Todo esto viene por las patillas de Héctor Uría. Dos patillas como el delta del Ebro. Ni una cara postiza como Pacino en Dick Tracy (Warren Beaty, 1990), ni convertir tu metabolismo en una montaña rusa como Christian Bale. Simplemente un “Eduard, déjate dos patillacas de un palmo”. Y ya está. Listo. Un look para la eternidad. Hablando de actores, no hace falta un congreso de hermenéutica para convenir que Alexandra Jiménez –es actriz que se prueba otras vidas sin dejar de ser ella misma– interpreta que es una barbaridad. O que la normalidad con la que Manolo Solo se transforma en un policía de a pie –sin grandes gestos, con nula afectación– contribuye a inyectar realismo en una atmósfera que fácilmente podría resultar inverosímil. Por no hablar de la aspereza verbal y los modos desmañados de Luis Zahera y ese escupir las frases como si en lugar de una lengua tuviera un fusil de asalto. High level, amigos.
La conspiración
Y después de este sorbete para desempalagar, los polvorones (y una mistela, o mi abuela se enfada). No sé si ustedes se encuentran entre uno de los tres tipos de personas en los que se divide la humanidad. Primero tenemos a los que no han visto los documentales de la serie Zeitgeist. Luego, de entre los que se han cagado de miedo con las tesis que ahí se exponen, los que han terminado por creérselas y, finalmente, los que piensan que Peter Joseph es un ‘flipao’ de la vida que ha visto demasiadas películas (e igual hasta alguna serie). La trilogía formada por Zeitgeist (Peter Joseph, 2007), Zeitgeist: Addendum (Peter Joseph, 2008) y Zeitgeist: Moving Forward (Peter Joseph, 2011) es como la macro-teoría de la conspiración hecha documental. Y en un determinado momento de La Zona, la portavoz de la asociación de víctimas producidas por el incidente nuclear, abre esa puerta a la interpretación alternativa: ¿y si todo fue mentira? ¿Y si hace 3 años no murió nadie? ¿Y si nuestros seres queridos están vivos? ¿Y si todo fue una conspiración orquestada por las autoridades? Una batería de preguntas que se apoya, cómo no, en vídeos que están colgados en la red y que cuestionan lo sucedido. Como Zeitgeist (aquí os dejo la primera parte entera).

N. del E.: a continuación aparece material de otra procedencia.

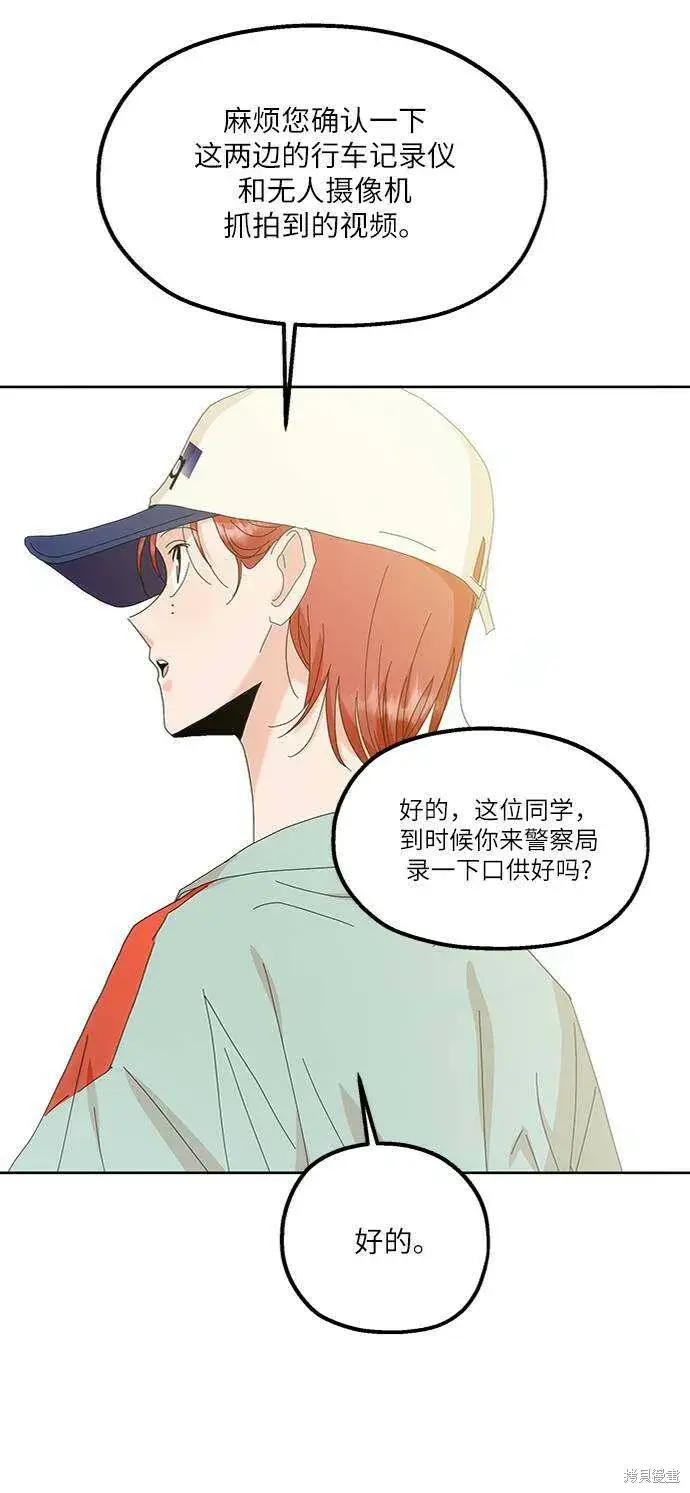 《金字塔游戏》第73话图95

Leo Zeitgeist en clave hiperbólica, como si los indicios recopilados fueran hinchados con anabolizantes hasta convertirlos en algo que no son. Es el reflejo aumentado de una realidad dura, pero no tan implacable. La producción de Movistar + funciona, también, en esa línea. Que la conspiración que alimenta la desesperación de los familiares de los fallecidos no exista no significa que no haya un contubernio de otro tipo. Una de las constantes del noir es señalar lo que está podrido en la sociedad y los hermanos Sánchez-Cabezudo lo saben. Y apuntan con su índice a la connivencia entre empresarios (impagable el Fausto Armendáriz de Juan Echanove), políticos y jueces. Por eso, desde su aproximación genérica, La Zona funciona como metáfora de una país desahuciado en el que los trabajadores son (y se dejan ser) explotados porque la otra opción es la nada, en el que el dinero es el único dios verdadero y por él se trafica, se mata y se muere; en el que ‘la empresa’ (esa entidad intangible) y las instituciones estarán dispuestas a barrer con todo con tal de que la cuenta de resultados sea positiva; en el que, a pesar de la globalización, rige la ley de la frontera; en el que el cinismo –Pau Durà for president– ha derrotado cualquier atisbo de humanidad.
Detrás de una premisa propia de la ciencia-ficción que parece situarnos fuera de nuestro tiempo, late un crudísimo análisis sobre la sociedad en la que nos ha tocado vivir. Una manera de ver el mundo que resume una línea de diálogo (“Señor Delegado, objetivamente esto es un pozo de mierda y usted es un cabrón”) y un plano final en el que el temor por lo que les dejamos a los que vendrán y la esperanza de que ellos hagan algo mejor se funden en el rostro de un inconmensurable Eduard Fernández.